Here it is a year later. Now, because I don’t want to invest in more bins, I have to empty the bins I currently house the pieces of her baby album in so she can take them to college. So yes, I have all the pieces organized in one place, but the baby book has not been finished.
It’s kind of like the book I’ve been writing. It’s a collection of my columns and blogs that fit a particular theme. It’s technically already written, I just have to pull it all together. But for some reason, the action of gathering that writing, as in gathering the pieces of the album causes me a lot of anxiety.
As I was working on my daughter’s album I felt like a boxer who breaks from the center ring to get a drink, shake the punches off, and get the forehead wiped before heading back into the ring to fight.
The obvious reason for my angst would be that I’m creating a baby album for my NINETEEN YEAR OLD DAUGHTER. Can I really be old enough to be sending my daughter off for her first year of college? Can she really be old enough to be going off to her first year of college?
But I think the bigger issue at hand is that I feel like I’m missing something for the album. I’m not sure why I would be, because the pieces are collected into bins, the pictures are filed in boxes, there is nothing else to sort or go through.
Then again where are those pictures of her baby shower? Why do I have them in our family albums, but no copies to put in my daughter’s baby album? Where is that lock of hair I’m sure I saved from her first haircut and did I take a picture of that day?
Maybe my unease is simply because I don’t have a lot of memory of either of my daughters’ early years. The memories usually come on the wave of other things that happen in our lives. I often have déjà vu moments triggered by their more adult actions; comparisons to how their grown up selves compare to the toddlers they were.
Those memories are what I write about, but I didn’t start consistently writing about my family until well into my daughter’s tween years, so I don’t have things I can necessarily go back and read from those early years.

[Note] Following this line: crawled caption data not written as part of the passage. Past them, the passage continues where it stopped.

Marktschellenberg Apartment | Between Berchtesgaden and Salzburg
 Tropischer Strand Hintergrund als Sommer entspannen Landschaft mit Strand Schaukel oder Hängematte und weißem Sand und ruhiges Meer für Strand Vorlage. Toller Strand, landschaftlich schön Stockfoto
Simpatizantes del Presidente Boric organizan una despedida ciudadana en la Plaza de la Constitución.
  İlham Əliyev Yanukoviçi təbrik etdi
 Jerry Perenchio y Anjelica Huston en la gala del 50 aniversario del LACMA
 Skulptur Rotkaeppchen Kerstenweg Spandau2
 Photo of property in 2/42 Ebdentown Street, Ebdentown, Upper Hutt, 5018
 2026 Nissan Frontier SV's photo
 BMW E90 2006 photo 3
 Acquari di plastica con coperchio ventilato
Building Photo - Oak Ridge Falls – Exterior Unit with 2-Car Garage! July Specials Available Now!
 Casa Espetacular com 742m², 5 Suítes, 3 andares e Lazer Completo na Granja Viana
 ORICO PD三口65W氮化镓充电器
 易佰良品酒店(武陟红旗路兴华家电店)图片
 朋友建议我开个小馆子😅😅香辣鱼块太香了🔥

Don’t even remind me I have a second child; a whole new set of anxieties pop up when I think of her. I’m not even sure if I wrote down her first word; does that mean I love her any less? I know it doesn’t, but I still feel like a bad mom..
In my oldest daughter’s first year of preschool, she made one of those decorative plates for a Mother’s Day present. It’s a picture of me. You can make out the eyes, nose and mouth, but aside from that it’s just a chaotic disorder of colored scribbles. That about sums up the way I felt in those early years. Dealing with this baby book makes me kind of feel like that picture again.
However, I know that once I finish that album, as when I finally finish my book, the second one will be easier. Unless I’m missing something.